Gold Rush: White Water.
These people are the dumbest human beings in Alaska. First, they left all of their equipment by the river and left, and the river predictably swelled and dragged it all away. So they borrowed $50K from their arch nemesis, because why not, and bought untested equipment with it. Said equipment consisted of the dredge, through which they planned to run gravel and dirt from the bottom of a raging mountain river, and heated water diving suits, because the river is bloody cold.
They have to dive into white water in a complicated set up that involves three lines: an air hose for the diver to breathe, a hot water hose to keep the temperature of the suit up, and the power line for the vacuum tube with which they are sucking up gravel.
Do they test this set up? No. Because that would be the smart thing to do. They stuff a 72 year old man into the wet suit and send him into 38 degree Fahrenheit water. That would be about 3 degrees Celsius. First dive, he comes out of the water, and his face is purple, because he isn’t getting enough air. The hose junction is too narrow. And they don’t fix it until their arch nemesis sends an ex-Marine who is a commercial diver, who looks at their equipment and starts having kittens.
Their comms don’t work half of the time and they can’t hear what the diver is saying. On another dive, the son of the 72 year old keep calling into the com, “Dad? Dad?” and they are standing around waiting. You pull him up! If you don’t hear from your diver, you pull him up! They pull him up finally, he is half-drowned. The other time he nearly got hypothermia. They built a barricade diagonally to block the worst of the current, and then the leading dude decided that gold must be under that barricade, so he starts tunneling under it. The barricade breaks and now there is a hole, and current comes in, and everyone is amazed. I mean, that’s like sawing through the branch you’re sitting on.
Also, the ex-Marine dude is highly suspect. Okay, I live in an area with a very large Latin American immigrant population, Mexican, Colombian, Guatemalan, etc. I’ve lived here for about 10 years. I’ve never heard a Latin American immigrant to refer to another man as señor. Never. That dude jumped right of the central casting.
Five grown men dug in that river for weeks.
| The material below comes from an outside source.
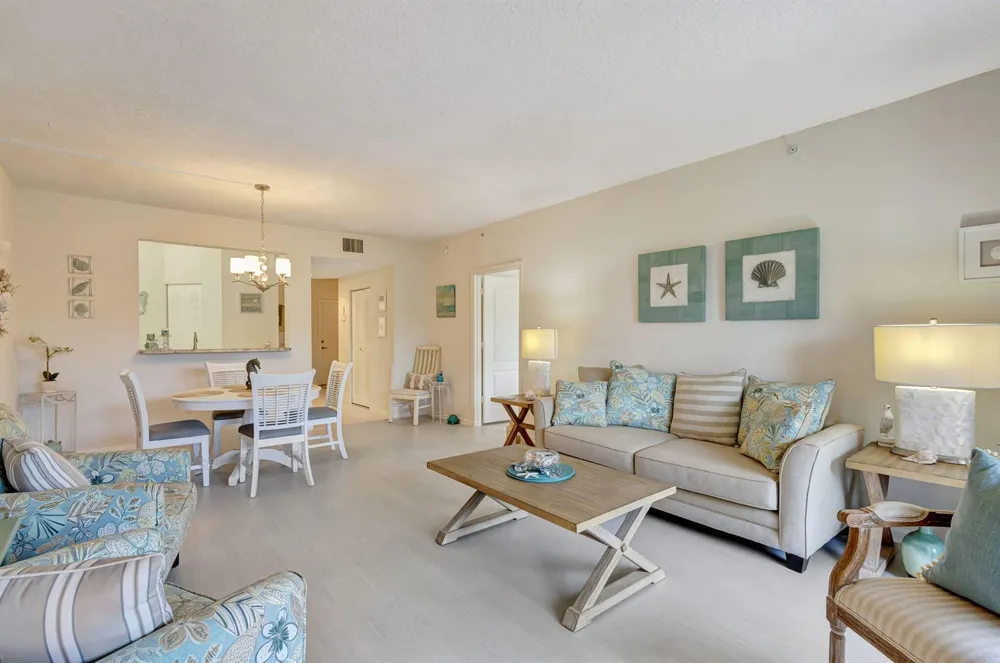 800 Uno Lago Drive #302 Juno Beach, FL 33408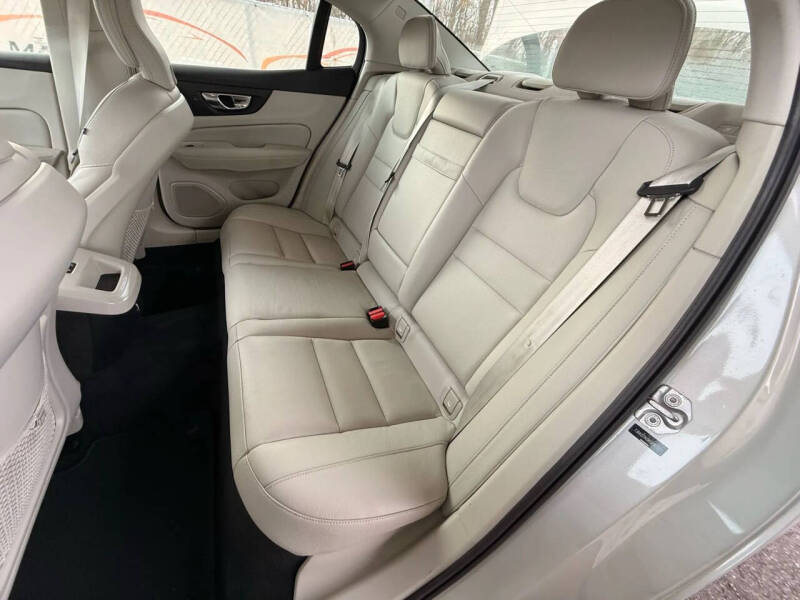 2019 Volvo S60 T6 Momentum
They lived in a shed, nearly drowned, had to hire helicopter to carry their equipment, had to zip-line across a gorge to get to the work site, got themselves into serious debt, and spent their entire summer there. They got roughly 2 ounces of gold worth about $2,000. Total.
Apparently there is a second season. They don’t get any gold in that one either.
Something something aliens. Can’t tell you what the show is about. I turn it on and in ten minutes I’m out. The only thing I remember is that if the question is “Could ancient aliens be responsible for something,” the alien theorists believe that the answer is always yes.
Last Chance u
An absolutely amazing show on Netflix. I don’t like sports enough to follow football or any other sport, actually, but I absolutely loved this show. We binged the entire first season yesterday. It does that rare thing when you become emotionally invested in people. You root for them and when unfair things happen, you get upset on their behalf.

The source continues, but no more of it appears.